Surprised by the number of articles all around t3h interwebz about btrfs having problems and saying it corrups/hangs/overheads , I’ve decided to describe my really pleasant desktop use experience.
Use case is quite simple. I have 3 drives that are used to keep data on my computer. Data being video and audio files, all kinds of linux-based distro images, torrents and vm machines that I use for testing purposes. I consider all of this data expendable, meaning that I would not be sorry if any of it got deleted or corrupted. Those are just test machines and multimedia that I can download or recreate again if I need them.
However, after I’ve seen the performance and management benefits of using btrfs to store this stuff, and tested it all thoroughly, I’ve decided to have my root filesystem, as well as my /home directory on it. Backups are still being stored on a completely separate drive, but even after 9 months of really abusing btrfs for all these purposes, I have not had any kind of data corruption, performance degradation or overhead. At all. Not on disk space, or in iops.
So, here is a little scenario that might help you get started with btrfs. It’s more of a showcase for desktop use, than a performance benchmark of any kind.
First of all, let’s give credit to IMHO best entry level howto that I’ve found. You might want to check it out to get familiar with btrfs usage: BTRFS Fun
We’ll be using /run/shm when copying things, so that we get clean performance data (copy from and to RAM to prevent disk latency). In Ubuntu Oneiric and later, you can modify its size like this:
mount -o remount,size=2048M /run/shm
Ignoring the OS drive, here is a list of devices used in this article. These are 3 really slow 2.5’ laptop drives that I’m using because they are small and quiet. As we can see, there are already some btrfs partitions on it, but we’ll focus on 5th partition of every drive - that’s the only logical partition and it is currently formatted as ext4.
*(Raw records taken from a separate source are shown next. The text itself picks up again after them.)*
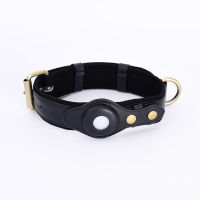 Airtag Collar Tracker GPS Cover Pet Dog ต่อต้านปลอกคอหาย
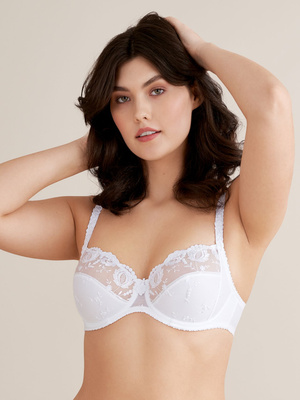 Soft bra Provence Felina Conturelle 80505 white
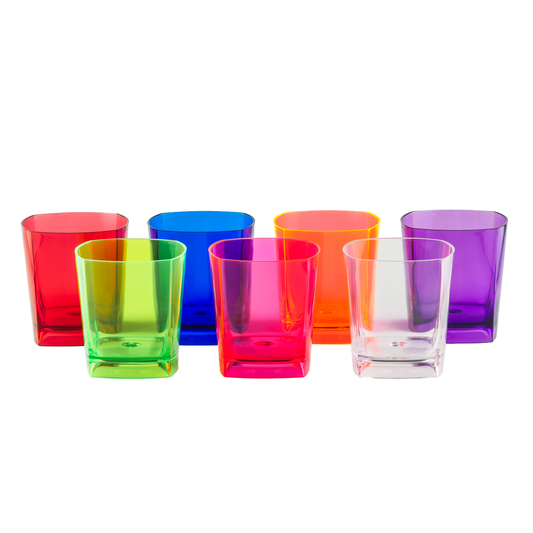 Vaso Whiskey x6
parted -l Model: ATA WDC WD2500BMVS-1 (scsi) Disk /dev/sdb: 250GB Sector size (logical/physical): 512B/512B Partition Table: msdos Number Start End Size Type File system Flags 1 32.3kB 12.8GB 12.8GB primary btrfs 2 12.8GB 25.6GB 12.8GB primary btrfs 3 25.6GB 178GB 153GB primary btrfs 4 179GB 250GB 70.7GB extended 5 179GB 197GB 17.2GB logical ext4 Model: ATA ST9250410AS (scsi) Disk /dev/sdc: 250GB Sector size (logical/physical): 512B/512B Partition Table: msdos Number Start End Size Type File system Flags 1 32.3kB 12.8GB 12.8GB primary btrfs 2 12.8GB 25.6GB 12.8GB primary btrfs 3 25.6GB 178GB 153GB primary btrfs 4 179GB 250GB 70.8GB extended 5 179GB 196GB 17.2GB logical ext4 Model: ATA MAXTOR STM316081 (scsi) Disk /dev/sdd: 160GB Sector size (logical/physical): 512B/512B Partition Table: msdos Number Start End Size Type File system Flags 1 32.3kB 10.7GB 10.7GB primary btrfs 2 10.7GB 21.5GB 10.7GB primary btrfs 3 21.5GB 88.2GB 66.7GB primary btrfs 4 89.2GB 160GB 70.8GB extended 5 89.2GB 106GB 17.2GB logical ext4
mkdir /mnt/sdb5 /mnt/sdc5 /mnt/sdd5 /mnt/raid ls -lah /mnt/ total 0 drwxr-xr-x 1 root root 32 Mar 16 09:08 . drwxr-xr-x 1 root root 302 Mar 6 17:59 .. drwxr-xr-x 1 root root 0 Mar 16 09:08 raid drwxr-xr-x 1 root root 0 Mar 16 09:08 sdb5 drwxr-xr-x 1 root root 0 Mar 16 09:08 sdc5 drwxr-xr-x 1 root root 0 Mar 16 09:08 sdd5
Ext4 single device
Let’s do some benchmarks using ext4 on just one device, to get a feel for the performance we can expect. All 3 drives are more or less the same (actually not, but it does not really matter).
mkfs.ext4 /dev/sdb5 tune2fs -o journal_data_writeback /dev/sdb5 mount -t ext4 -o defaults,noatime,data=writeback /dev/sdb5 /mnt/sdb5 mount |grep sdb5 /dev/sdb5 on /mnt/sdb5 type ext4 (rw,noatime,data=writeback) df -h |grep sdb5 /dev/sdb5 16G 369M 15G 3% /mnt/sdb5
And here is our video file to be copied:
ls -lah /run/shm/video.m4v -rw-r--r-- 1 root root 1.8G Mar 16 09:12 /run/shm/video.m4v
In these examples, I’ll use “pv” instead of “cp”, so that we can see the copy progress. Note that “cp” is some 10% faster in my case, but if we use the same tool all the time, we should get consistent results.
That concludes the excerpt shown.